According to CoinDesk, researchers from the University of California, Santa Barbara; the University of California, San Diego; blockchain security firm Fuzzland; and World Liberty Financial jointly published a paper warning that “LLM routers”—intermediary services positioned between users and AI models—have become a major threat to cryptocurrency asset security. The researchers discovered that 26 LLM routers are secretly injecting malicious tool calls and stealing user credentials, with one incident resulting in the complete draining of a customer’s cryptocurrency wallet worth $500,000. Additionally, by “poisoning” the router ecosystem, the researchers were able to gain control of approximately 400 downstream hosts within hours. Since sensitive data—including private keys and API credentials—is frequently transmitted in plaintext through these routers, users unknowingly expose their assets to risk. The researchers note that as McKinsey forecasts AI agents will mediate $3–5 trillion in global consumer commerce by 2030—and Binance founder Changpeng Zhao predicts AI agents’ payment volume will be one million times greater than that of humans—the current infrastructure’s security lags far behind the pace of industry development.
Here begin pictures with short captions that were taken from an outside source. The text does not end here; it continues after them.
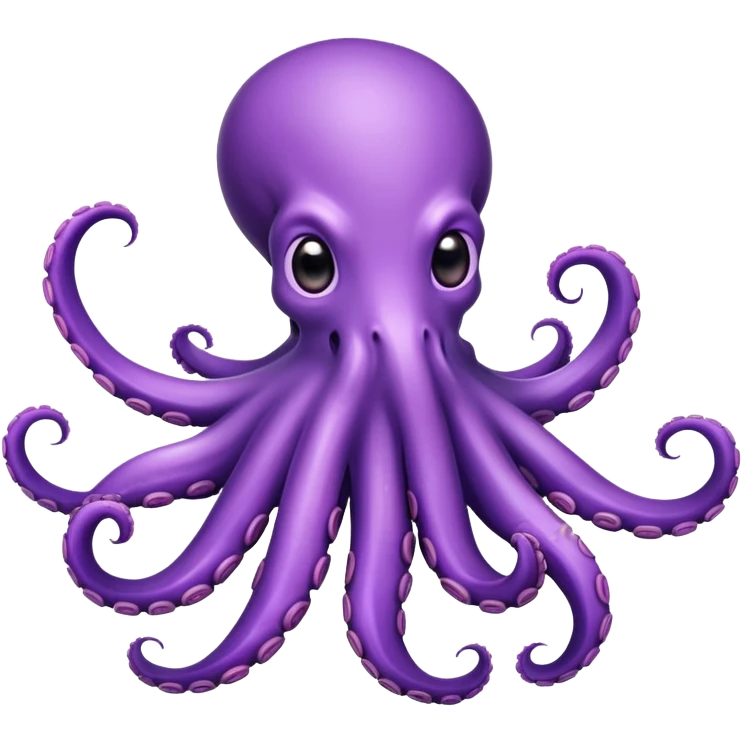 cute purple octopus with eight tentacles emoji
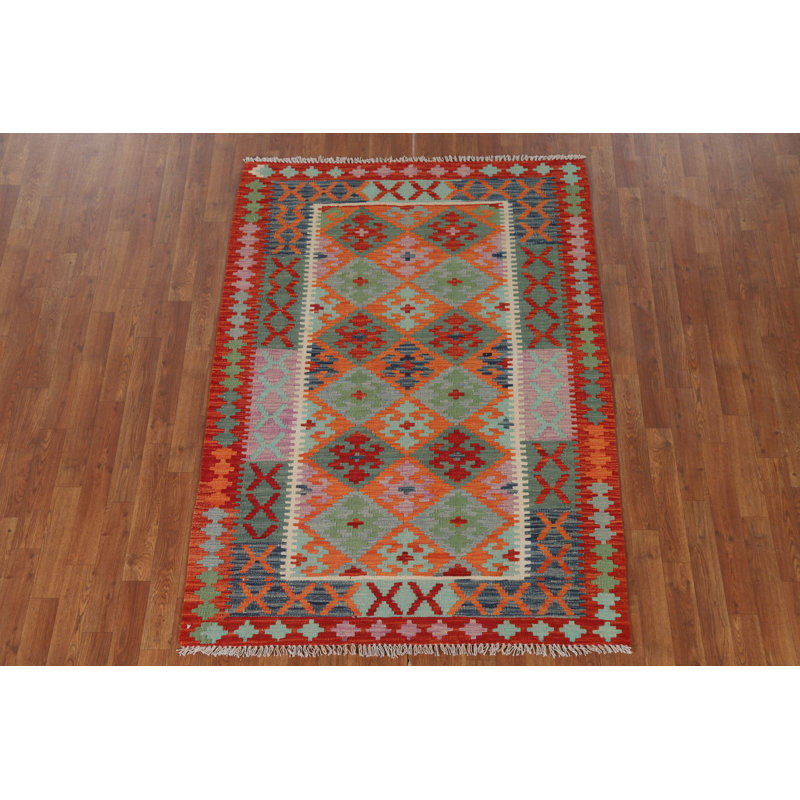 Geometric Kilim Oriental Accent Rug 4x6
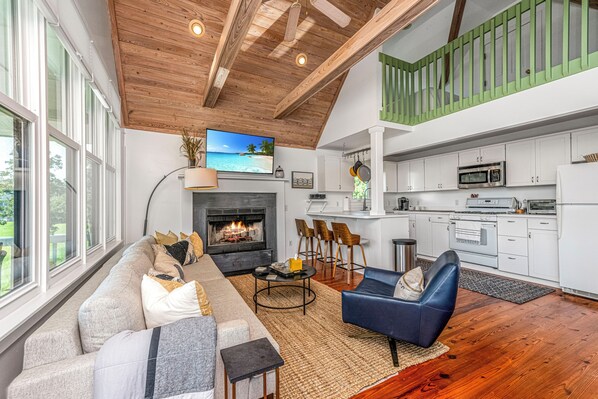 Smart TV, fireplace, DVD player, books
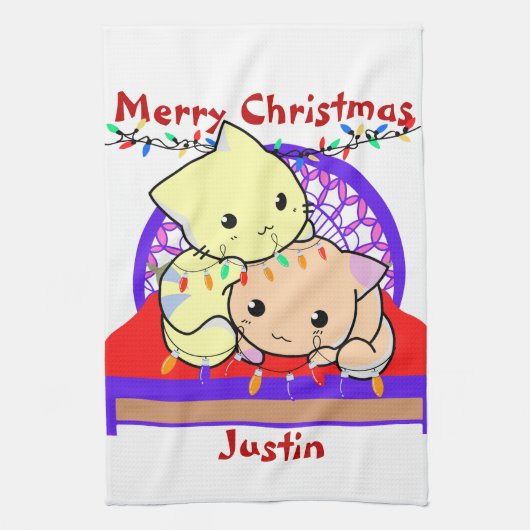 ベッドでクリスマスのネコ、名前入り  キッチンタオル (縦)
The “weakest link” risk could thus trigger systemic, cascading crises.
According to CoinDesk, as North Korea’s infiltration methods targeting the cryptocurrency industry grow increasingly sophisticated, security experts point out that North Korea’s cryptocurrency theft activities differ fundamentally from those of other state-sponsored hacking groups—both in motive and methodology—making it one of the most dangerous threats facing the cryptocurrency ecosystem.